46.4 F

REVIEW: Churrasco Brazilian Steakhouse opens strong


Churrasco Brazilian Steakhouse opened its doors to Reno on Feb. 19, 2020. The restaurant offers all-you-can-eat (AYCE) Brazilian barbecue that features 15 cuts of meat including beef, chicken, lamb and pork. Many of the cuts are lesser known and quite attractive. Their fresh market table offers distinct condiments, Brazilian staple foods, freshly cut produce, salads and other sides.

Details about the concept and operation

I give high marks to the restaurant for very clearly laying out how the process works on their website. The servers do an excellent job of explaining the process, too.

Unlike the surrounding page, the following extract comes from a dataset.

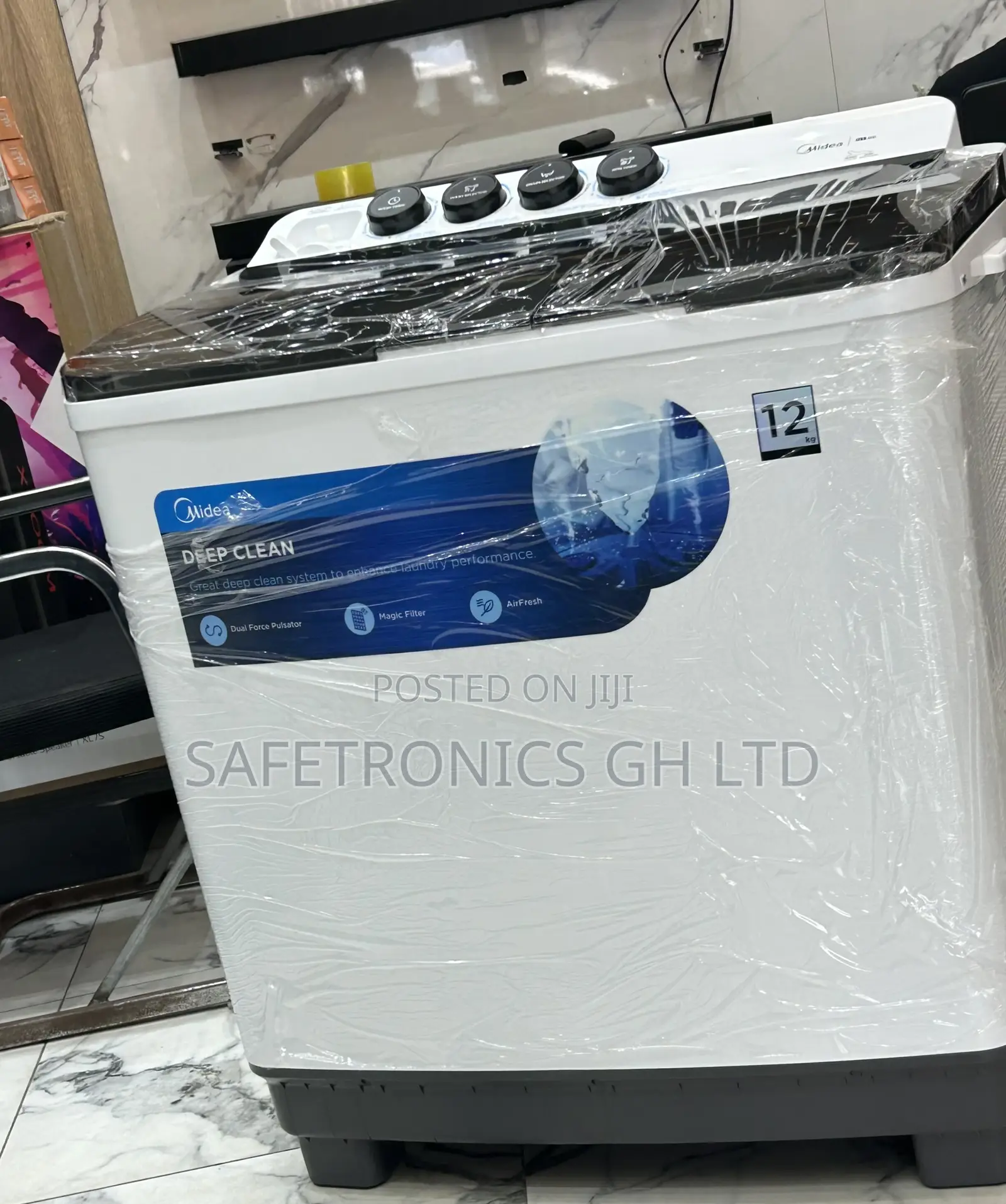 Long Lasting Midea Topload Twintub 12kg Semiautomatic Washer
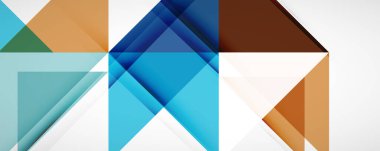 Vektör üçgen geometrik arkaplan kümesi. Kapaklar, afişler, el ilanları ve posterler ve diğer tasarımlar için vektör illüstrasyonu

“In Brazilian tradition, a rodízio is an all-you-can-eat style of restaurant where customers pay a fixed price, and waiters bring food to the table several times throughout the meal, with sides offered buffet-style …” reads their website.

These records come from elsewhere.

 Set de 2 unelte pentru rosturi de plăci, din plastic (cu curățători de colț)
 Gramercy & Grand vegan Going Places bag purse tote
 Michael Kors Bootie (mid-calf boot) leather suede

Fresh Market Table at Churrasco. Image: Kaitlin Young.

They offer quite a few different pricing options. The AYCE rodízio dinner, including grilled meat and fresh market table, is available at $47.95. The fresh market table (salad bar) is available for stand-alone purchase at $31. Check their website for lunch and children discounts.

Diners use green and red “chips” to indicate that they are ready for more cuts of meat. Green signals the desire for more, and red signals hold off.

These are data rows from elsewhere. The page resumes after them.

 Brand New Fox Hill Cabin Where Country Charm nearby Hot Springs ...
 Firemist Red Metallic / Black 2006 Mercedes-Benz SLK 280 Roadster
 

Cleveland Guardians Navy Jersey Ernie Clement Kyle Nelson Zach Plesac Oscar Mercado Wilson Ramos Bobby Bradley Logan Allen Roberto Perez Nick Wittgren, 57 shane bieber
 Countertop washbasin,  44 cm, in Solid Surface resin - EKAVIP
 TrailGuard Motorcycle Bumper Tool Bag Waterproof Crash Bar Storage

The “gauchos” are your meat carvers. Their outfits resemble South American cowboys. At any one time, there are about two to four different cuts of meat being served by various gauchos. They will identify the cut and ask you about your desired doneness and quantity. You assist the gaucho at plating your carved meat with the help of small, pronged tongs. Your assistance helps to prevent splashes or drops.

The gauchos do an excellent job at cutting the larger pieces thinly, so you can try a wide variety. Some of the smaller cuts, linguiça or Frango com Bacon (bacon-wrapped chicken breast nuggets) for example, are served whole.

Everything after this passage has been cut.